Just for your information, from the practicable side, I can't hear very well at all anymore, the worst, like most older people, are the high pitched sounds like bells, whistles, telephones, and some women's voices.  Hearing aids are better now, the system I have is not only hearing aids but a device that hangs around my neck connected by bluetooth, the device has a series of buttons to answer the phone in my pocket and three different settings for different voices and sounds along with volume controls for each setting, I cannot hear smoke alarms at all since their pitch is so high, plus we don't wear hearing aids when we are in bed anyway.  If the batteries go dead in the smokes my wife has to tell me to change them since I can stand right under them and not hear the chirping on any of my settings.  

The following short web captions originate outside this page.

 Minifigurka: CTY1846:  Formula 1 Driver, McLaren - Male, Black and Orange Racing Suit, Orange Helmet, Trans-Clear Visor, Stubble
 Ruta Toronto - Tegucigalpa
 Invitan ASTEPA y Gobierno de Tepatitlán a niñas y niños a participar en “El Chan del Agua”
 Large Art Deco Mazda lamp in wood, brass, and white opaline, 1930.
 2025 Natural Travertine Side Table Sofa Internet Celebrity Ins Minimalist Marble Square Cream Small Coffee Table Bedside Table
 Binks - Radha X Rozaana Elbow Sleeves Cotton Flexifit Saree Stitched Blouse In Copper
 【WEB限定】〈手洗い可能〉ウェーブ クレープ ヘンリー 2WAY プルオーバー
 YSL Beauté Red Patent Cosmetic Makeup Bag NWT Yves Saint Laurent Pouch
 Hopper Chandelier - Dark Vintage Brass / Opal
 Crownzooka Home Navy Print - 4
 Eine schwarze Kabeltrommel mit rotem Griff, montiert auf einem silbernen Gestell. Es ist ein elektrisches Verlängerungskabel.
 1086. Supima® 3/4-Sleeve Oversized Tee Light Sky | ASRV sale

One of the most difficult things is the counters of government agencies, plan checkers and others tend to mumble while they are talking, we learn over time to read lips in combination with hearing what we can hear, I always tell them I can't hear and to please speak up and look at me when they speak, they all do it but within a few minutes they are back to looking down at the plans and mumbling again.  Years of Skilsaws whining and for years I had a trailer mounted 5 hp DeWalt Radial saw running 8 hours per day right near my job trailer did me in, along with some open cockpit aerobatic flying.  It's God's way of protecting us from wives nagging.


----------



## Yikes (Jul 22, 2016)

By the way, Francis, you reminded me: many apartments have main lobby or gate entrance security systems that include a card reader and a keypad so that guests can call up to the unit to get "buzzed in".  ADA and CBC require the keypad units to also have a TTY jack, but VERY FEW of the manufacturers provide a TTY jack.  A couple of years ago I called up one of the biggest manufacturers and asked why they didn't have TTY jack to meet ADA.  They told me ADA did not require it. 
I showed them 2010 ADA 809.5.6.
They called me back and said they could not modify their existing circuit boards and they did not plan a refresh on their design for another 3 years.  Basically, they acknowledged that they did not comply with ADA, and they weren't in any rush to do so, and they were just going to keep selling the non-compliant units.
Buyer beware.


----------